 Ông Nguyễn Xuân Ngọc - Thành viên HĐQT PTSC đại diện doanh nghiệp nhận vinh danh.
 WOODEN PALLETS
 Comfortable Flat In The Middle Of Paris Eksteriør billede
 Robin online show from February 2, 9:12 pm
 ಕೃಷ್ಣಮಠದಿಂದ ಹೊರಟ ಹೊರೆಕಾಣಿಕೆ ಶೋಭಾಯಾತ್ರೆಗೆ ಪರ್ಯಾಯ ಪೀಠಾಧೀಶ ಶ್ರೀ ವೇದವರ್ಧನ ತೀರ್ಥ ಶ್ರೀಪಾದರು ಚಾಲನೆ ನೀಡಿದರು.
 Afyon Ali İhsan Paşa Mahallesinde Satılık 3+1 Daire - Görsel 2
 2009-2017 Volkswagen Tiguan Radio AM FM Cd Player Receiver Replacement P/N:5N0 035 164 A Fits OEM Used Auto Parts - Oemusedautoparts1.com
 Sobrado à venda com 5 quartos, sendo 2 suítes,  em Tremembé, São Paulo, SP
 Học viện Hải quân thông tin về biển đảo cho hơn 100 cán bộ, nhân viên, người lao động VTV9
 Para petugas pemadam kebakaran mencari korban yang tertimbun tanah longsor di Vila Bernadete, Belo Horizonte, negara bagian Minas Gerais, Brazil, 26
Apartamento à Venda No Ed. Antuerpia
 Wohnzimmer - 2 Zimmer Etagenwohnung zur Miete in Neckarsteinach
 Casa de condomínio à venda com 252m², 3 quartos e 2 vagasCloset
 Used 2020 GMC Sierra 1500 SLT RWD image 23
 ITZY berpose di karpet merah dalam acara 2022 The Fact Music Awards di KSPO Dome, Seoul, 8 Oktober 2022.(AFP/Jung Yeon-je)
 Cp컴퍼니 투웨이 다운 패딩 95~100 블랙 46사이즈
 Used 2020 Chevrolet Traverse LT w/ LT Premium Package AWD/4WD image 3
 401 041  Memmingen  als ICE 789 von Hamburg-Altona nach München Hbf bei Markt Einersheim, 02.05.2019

## EXERCISE DETAILS
Every line from the one containing "Para petugas pemadam" through the end of the data must be repeated exactly, and no other line.

## TASK SOLUTION
 Para petugas pemadam kebakaran mencari korban yang tertimbun tanah longsor di Vila Bernadete, Belo Horizonte, negara bagian Minas Gerais, Brazil, 26
Apartamento à Venda No Ed. Antuerpia
 Wohnzimmer - 2 Zimmer Etagenwohnung zur Miete in Neckarsteinach
 Casa de condomínio à venda com 252m², 3 quartos e 2 vagasCloset
 Used 2020 GMC Sierra 1500 SLT RWD image 23
 ITZY berpose di karpet merah dalam acara 2022 The Fact Music Awards di KSPO Dome, Seoul, 8 Oktober 2022.(AFP/Jung Yeon-je)
 Cp컴퍼니 투웨이 다운 패딩 95~100 블랙 46사이즈
 Used 2020 Chevrolet Traverse LT w/ LT Premium Package AWD/4WD image 3
 401 041  Memmingen  als ICE 789 von Hamburg-Altona nach München Hbf bei Markt Einersheim, 02.05.2019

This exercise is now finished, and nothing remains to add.